Voor het leggen van conservatoir beslag is verlof vereist van de voorzieningenrechter van de rechtbank binnen welker rechtsgebied zich een of meer van de betrokken zaken bevinden, dan wel, indien het beslag niet op zaken betrekking heeft, de schuldenaar of degene of een dergenen onder wie het beslag gelegd wordt, woonplaats heeft.
2.
Het verlof wordt verzocht bij een verzoekschrift waarin de aard van het te leggen beslag en van het door de verzoeker ingeroepen recht en, zo dit recht een geldvordering is, ook het bedrag of, zo dit nog niet vaststaat, het maximum bedrag daarvan, worden vermeld, onverminderd de bijzondere eisen door de wet gesteld voor een beslag van de soort waarom het gaat.

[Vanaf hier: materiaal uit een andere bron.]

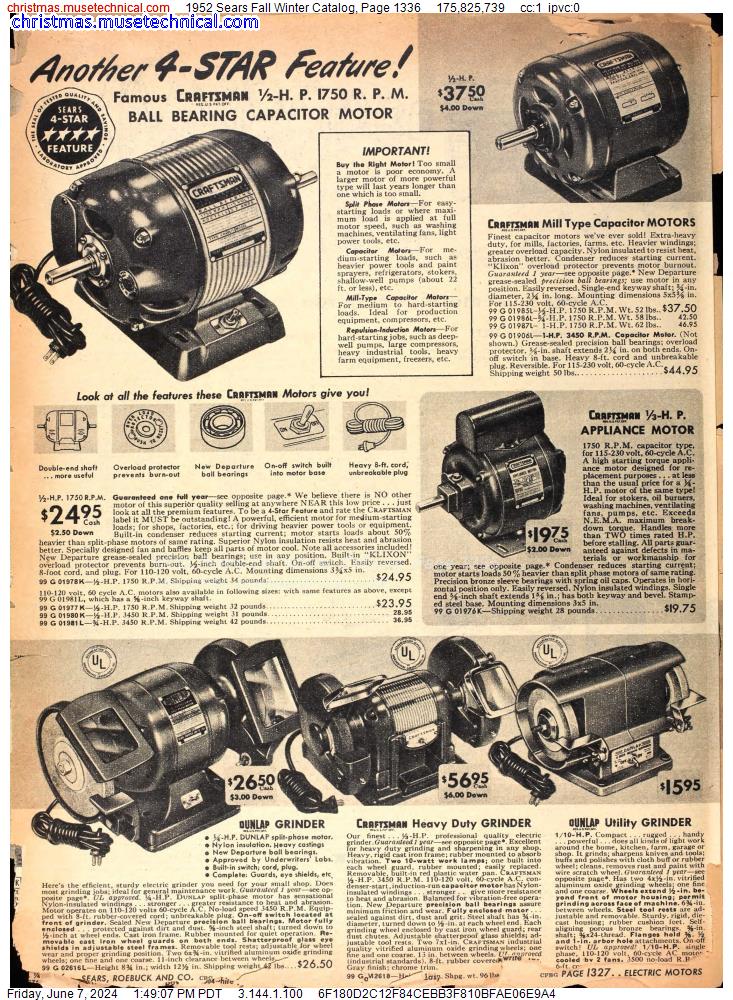 1952 Sears Fall Winter Catalog, Page 1336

De voorzieningenrechter beslist na summier onderzoek. In geval van een geldvordering stelt hij het bedrag vast waarvoor het verlof wordt verleend, met inbegrip van de kosten waarin de schuldenaar zal kunnen worden veroordeeld. Bij het verlof kan de voorzieningenrechter, onverminderd artikel 64, derde lid, tevens verlof verlenen het beslag te leggen op alle dagen en uren. Tegen een krachtens dit lid gegeven verlof is geen hogere voorziening toegelaten.
3.
Tenzij op het tijdstip van het verlof reeds een eis in de hoofdzaak is ingesteld, wordt het verlof verleend onder voorwaarde dat het instellen daarvan geschiedt binnen een door de voorzieningenrechter daartoe te bepalen termijn van ten minste acht dagen na het beslag. De voorzieningenrechter kan de termijn verlengen, indien de beslaglegger dit voor het verstrijken van de termijn verzoekt. Tegen de beschikking is geen hogere voorziening toegelaten. In het geval van een beslag als bedoeld in artikel 714 of artikel 718 moet de verlenging, om haar werking te hebben, binnen acht dagen na het tijdstip waarop de termijn zonder verlenging zou verstrijken, schriftelijk zijn medegedeeld aan de in artikel 715 bedoelde vennootschap, onderscheidenlijk de in artikel 718 bedoelde derde. Overschrijding van de termijn voor het instellen van een eis in de hoofdzaak doet het beslag vervallen.
4.
Verlof tot het leggen van beslag ten laste van een instelling als bedoeld in artikel 212a, onder a, van de Faillissementswet kan slechts worden verleend nadat de instelling in de gelegenheid is gesteld om te worden gehoord, tenzij het beslag uitsluitend op zaken betrekking heeft.